An elimination diet requires removing all foods that are common allergens or irritants and promises dramatic results. Are you up for it?

There is a reason the elimination diet is also known as the challenge diet. It's a mental and physical challenge to remove foods you may comfortable with eating, even adore, to see how their absence impacts your body. While you may have noticed you have a stomach ache or feel groggy after having that delicious bowl of pasta, are you ready to give it up? Maybe forever?

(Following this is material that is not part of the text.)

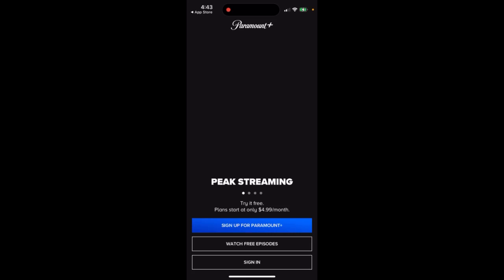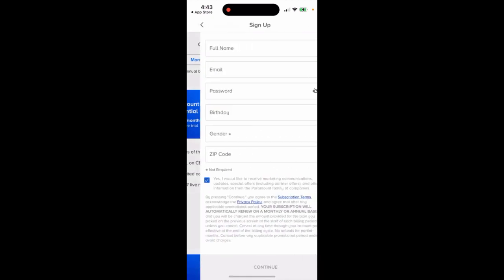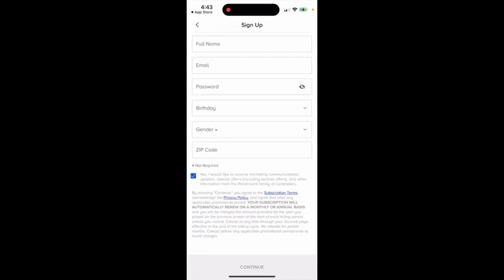Does the Paramount Plus app have a free trial? Yes. For example, if you want to watch the Super Bowl or for some other reasons, there is a Paramount Plus Essential plan which is six dollars per month but offers a free trial. If you select a plan, you just need to upgrade.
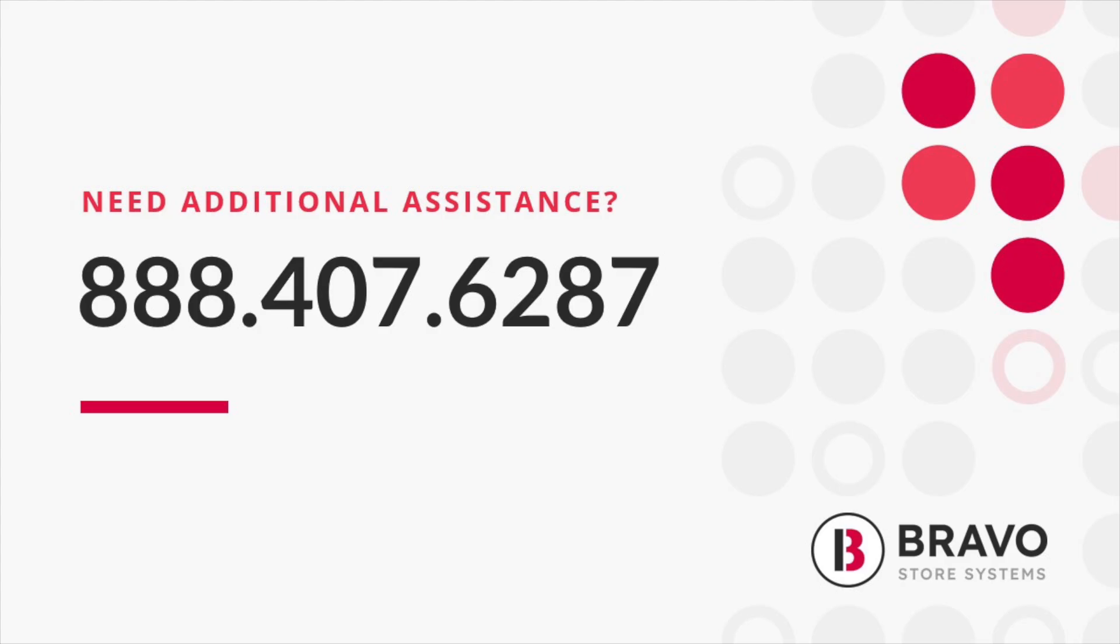For additional questions give us a call at 888-407-6287. Thanks and have a great day!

The proponents of this diet claim it helps you repair yourself, improving digestive and overall health. You may also shed some major pounds. The opponents say it's too extreme. So, what is required to complete this diet and can you live by it long term?

Reasons to Try It
The purpose of this diet is typically to determine if you suffer from any specific food allergies, so you can make permanent lifestyle changes. It involves eliminating foods known to cause allergic reactions and replacing them with foods known to be less irritating, over the course of several weeks. During this time, it's important to keep track of any symptoms, good or bad. The next step is to begin slowly adding the foods back in to check for a reaction -- typically one food group everything three days after a week or two of cleansing. This will help you realize which foods your body can't handle.

Symptoms of a sensitivity or allergic reaction include stomach pain, constipation, diarrhea, rash, nausea and gas or bloating. All are signs your body is taxed for some reason and the digestive system is reacting.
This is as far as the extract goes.